The way that computers learn language nowadays is
more like if you sat a baby down with
a huge pile of The New York Times and said, "OK, here you go, now learn language."
One problem with human language is that it's horribly
ambiguous. Take, for example, the word "run." You can
run a race, run a company or you
run your car into a bog. Run-ing, running.
Traditionally what people have done is try to get the computer to
pick up on patterns using a dictionary. So,
here is this clear list of senses, so, run has say, 20
and here's the list. And then,
if you had one occurrence like "he ran the company" you would have to say,
"OK, that is sense #12 and not sense #11 and not sense #13."

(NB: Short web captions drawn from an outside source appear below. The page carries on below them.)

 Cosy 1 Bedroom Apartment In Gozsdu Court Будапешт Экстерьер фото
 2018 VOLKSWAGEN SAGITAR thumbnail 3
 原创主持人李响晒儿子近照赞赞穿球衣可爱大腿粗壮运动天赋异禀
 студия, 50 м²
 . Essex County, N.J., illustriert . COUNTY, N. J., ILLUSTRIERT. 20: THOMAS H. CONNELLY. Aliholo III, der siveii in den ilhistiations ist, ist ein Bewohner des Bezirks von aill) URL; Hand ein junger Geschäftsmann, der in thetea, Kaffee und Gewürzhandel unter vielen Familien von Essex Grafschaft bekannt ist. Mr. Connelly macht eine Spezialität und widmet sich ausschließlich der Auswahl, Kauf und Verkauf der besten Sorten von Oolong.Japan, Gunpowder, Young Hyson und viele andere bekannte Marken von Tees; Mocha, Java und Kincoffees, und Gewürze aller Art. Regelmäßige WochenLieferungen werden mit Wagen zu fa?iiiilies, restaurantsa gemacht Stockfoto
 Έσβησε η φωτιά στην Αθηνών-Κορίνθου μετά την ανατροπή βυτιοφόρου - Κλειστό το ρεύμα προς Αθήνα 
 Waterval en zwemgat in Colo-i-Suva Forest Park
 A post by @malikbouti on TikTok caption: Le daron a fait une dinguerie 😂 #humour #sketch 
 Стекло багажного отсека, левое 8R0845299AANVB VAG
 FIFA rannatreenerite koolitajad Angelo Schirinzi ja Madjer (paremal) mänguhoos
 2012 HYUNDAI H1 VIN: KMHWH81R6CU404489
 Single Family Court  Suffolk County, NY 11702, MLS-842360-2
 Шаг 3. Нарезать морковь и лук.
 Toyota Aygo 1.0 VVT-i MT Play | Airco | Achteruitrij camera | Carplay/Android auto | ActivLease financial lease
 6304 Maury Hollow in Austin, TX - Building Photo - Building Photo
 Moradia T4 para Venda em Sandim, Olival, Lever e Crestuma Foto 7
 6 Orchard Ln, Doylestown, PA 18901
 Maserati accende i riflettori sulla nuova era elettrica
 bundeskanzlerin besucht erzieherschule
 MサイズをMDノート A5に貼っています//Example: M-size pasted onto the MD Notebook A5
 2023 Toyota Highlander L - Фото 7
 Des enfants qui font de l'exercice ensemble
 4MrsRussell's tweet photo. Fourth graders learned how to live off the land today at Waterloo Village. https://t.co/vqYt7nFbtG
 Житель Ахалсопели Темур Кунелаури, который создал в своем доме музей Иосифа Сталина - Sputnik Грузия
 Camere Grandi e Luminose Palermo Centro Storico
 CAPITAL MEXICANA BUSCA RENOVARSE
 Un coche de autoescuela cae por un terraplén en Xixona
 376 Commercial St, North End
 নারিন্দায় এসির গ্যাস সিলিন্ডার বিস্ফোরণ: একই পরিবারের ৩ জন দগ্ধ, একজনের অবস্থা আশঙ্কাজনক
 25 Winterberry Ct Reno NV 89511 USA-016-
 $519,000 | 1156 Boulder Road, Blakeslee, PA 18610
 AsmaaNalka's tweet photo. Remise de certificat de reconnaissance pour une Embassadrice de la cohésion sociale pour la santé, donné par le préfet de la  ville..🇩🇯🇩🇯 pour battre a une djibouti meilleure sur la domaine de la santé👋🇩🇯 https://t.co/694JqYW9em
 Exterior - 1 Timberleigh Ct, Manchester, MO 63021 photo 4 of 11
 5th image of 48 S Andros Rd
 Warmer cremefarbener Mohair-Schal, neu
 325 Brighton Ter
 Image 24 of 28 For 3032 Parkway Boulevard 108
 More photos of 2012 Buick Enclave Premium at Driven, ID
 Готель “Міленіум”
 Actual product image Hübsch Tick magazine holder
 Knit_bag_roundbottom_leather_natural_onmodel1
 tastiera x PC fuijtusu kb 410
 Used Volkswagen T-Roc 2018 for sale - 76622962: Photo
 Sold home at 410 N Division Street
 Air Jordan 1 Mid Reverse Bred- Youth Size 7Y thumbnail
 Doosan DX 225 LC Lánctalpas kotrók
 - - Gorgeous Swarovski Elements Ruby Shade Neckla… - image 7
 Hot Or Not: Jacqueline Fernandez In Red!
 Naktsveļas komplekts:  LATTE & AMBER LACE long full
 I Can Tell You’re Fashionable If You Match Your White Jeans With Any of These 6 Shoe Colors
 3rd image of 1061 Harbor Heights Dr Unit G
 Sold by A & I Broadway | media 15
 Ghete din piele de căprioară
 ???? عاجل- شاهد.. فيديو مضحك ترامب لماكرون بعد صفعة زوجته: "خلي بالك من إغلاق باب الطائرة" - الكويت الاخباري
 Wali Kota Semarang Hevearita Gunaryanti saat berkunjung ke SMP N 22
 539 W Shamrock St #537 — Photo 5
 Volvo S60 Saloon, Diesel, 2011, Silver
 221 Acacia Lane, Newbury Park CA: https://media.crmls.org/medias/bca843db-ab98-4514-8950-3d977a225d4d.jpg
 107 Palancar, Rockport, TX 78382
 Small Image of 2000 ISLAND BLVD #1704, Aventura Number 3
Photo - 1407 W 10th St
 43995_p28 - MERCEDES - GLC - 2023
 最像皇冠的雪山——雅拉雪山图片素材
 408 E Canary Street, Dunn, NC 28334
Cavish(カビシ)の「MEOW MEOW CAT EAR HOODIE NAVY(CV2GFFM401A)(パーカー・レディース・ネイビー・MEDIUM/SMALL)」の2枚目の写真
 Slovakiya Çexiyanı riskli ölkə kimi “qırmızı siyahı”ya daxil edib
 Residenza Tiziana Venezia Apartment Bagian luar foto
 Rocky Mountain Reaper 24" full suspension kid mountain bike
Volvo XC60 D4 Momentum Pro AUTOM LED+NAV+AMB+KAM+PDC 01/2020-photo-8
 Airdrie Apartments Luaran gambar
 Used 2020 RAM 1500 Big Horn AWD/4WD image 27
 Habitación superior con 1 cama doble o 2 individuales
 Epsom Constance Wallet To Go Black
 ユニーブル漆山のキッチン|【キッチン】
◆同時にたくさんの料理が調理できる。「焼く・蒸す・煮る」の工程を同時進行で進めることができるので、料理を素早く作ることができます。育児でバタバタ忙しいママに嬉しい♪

Trouble is, all of those meanings are somewhat related
but, they're still different because you draw different conclusions.
Now, what's the poor computer to do. So, I'm thinking
maybe we can't distinguish senses as clearly say, here's where one
sense begins, here's where the next sense stops. What I'm doing
is to represent each time you use a word like run
with the context in which it appears. So, all of this context
you can put into numbers and then present such a context as a point
in a high dimensional space. And in order to represent
words as these points in high dimensional space I need a whole
lot of data. I need to have all that context and I need to have it in a form
that I can count it, which means, 100 million words is good,
a billion is better, 2 billion or 3 billion words, yeah,
then you can actually get decent models. But if you want to
compute with that amount of data and you do this on a single desktop machine
then you better be prepared to wait for a long time and I did that for a while.
I'd start an experiment, wait 3 weeks to see how it got out,
that's painful, really painful.
With TACC I can do the same things in a couple hours. So, we need super-computing because
all of natural language processing these days but, in particular when you want to do
stuff with word meanings you need to use a lot of data and I mean a lot of data.